YOUR GOAL>
Type out all the data below, word for word.

RECORDS TO USE>
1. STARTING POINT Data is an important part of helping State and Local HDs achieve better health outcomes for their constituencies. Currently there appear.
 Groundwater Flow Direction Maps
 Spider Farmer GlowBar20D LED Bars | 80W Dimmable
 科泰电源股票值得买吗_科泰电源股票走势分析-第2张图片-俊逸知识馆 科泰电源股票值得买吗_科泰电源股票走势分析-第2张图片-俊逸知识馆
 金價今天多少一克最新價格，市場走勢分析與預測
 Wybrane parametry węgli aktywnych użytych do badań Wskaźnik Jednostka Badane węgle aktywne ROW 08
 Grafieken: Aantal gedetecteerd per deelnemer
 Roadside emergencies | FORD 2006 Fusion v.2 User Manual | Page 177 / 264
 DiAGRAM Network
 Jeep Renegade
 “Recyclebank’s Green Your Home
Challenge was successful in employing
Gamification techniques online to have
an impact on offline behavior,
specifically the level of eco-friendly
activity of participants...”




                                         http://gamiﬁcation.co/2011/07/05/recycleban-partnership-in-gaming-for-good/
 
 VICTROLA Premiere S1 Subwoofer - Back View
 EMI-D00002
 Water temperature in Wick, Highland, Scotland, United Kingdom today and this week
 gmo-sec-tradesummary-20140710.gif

EXERCISE OUTPUT>
1. STARTING POINT Data is an important part of helping State and Local HDs achieve better health outcomes for their constituencies. Currently there appear.
 Groundwater Flow Direction Maps
 Spider Farmer GlowBar20D LED Bars | 80W Dimmable
 科泰电源股票值得买吗_科泰电源股票走势分析-第2张图片-俊逸知识馆 科泰电源股票值得买吗_科泰电源股票走势分析-第2张图片-俊逸知识馆
 金價今天多少一克最新價格，市場走勢分析與預測
 Wybrane parametry węgli aktywnych użytych do badań Wskaźnik Jednostka Badane węgle aktywne ROW 08
 Grafieken: Aantal gedetecteerd per deelnemer
 Roadside emergencies | FORD 2006 Fusion v.2 User Manual | Page 177 / 264
 DiAGRAM Network
 Jeep Renegade
 “Recyclebank’s Green Your Home
Challenge was successful in employing
Gamification techniques online to have
an impact on offline behavior,
specifically the level of eco-friendly
activity of participants...”




                                         http://gamiﬁcation.co/2011/07/05/recycleban-partnership-in-gaming-for-good/
 
 VICTROLA Premiere S1 Subwoofer - Back View
 EMI-D00002
 Water temperature in Wick, Highland, Scotland, United Kingdom today and this week
 gmo-sec-tradesummary-20140710.gif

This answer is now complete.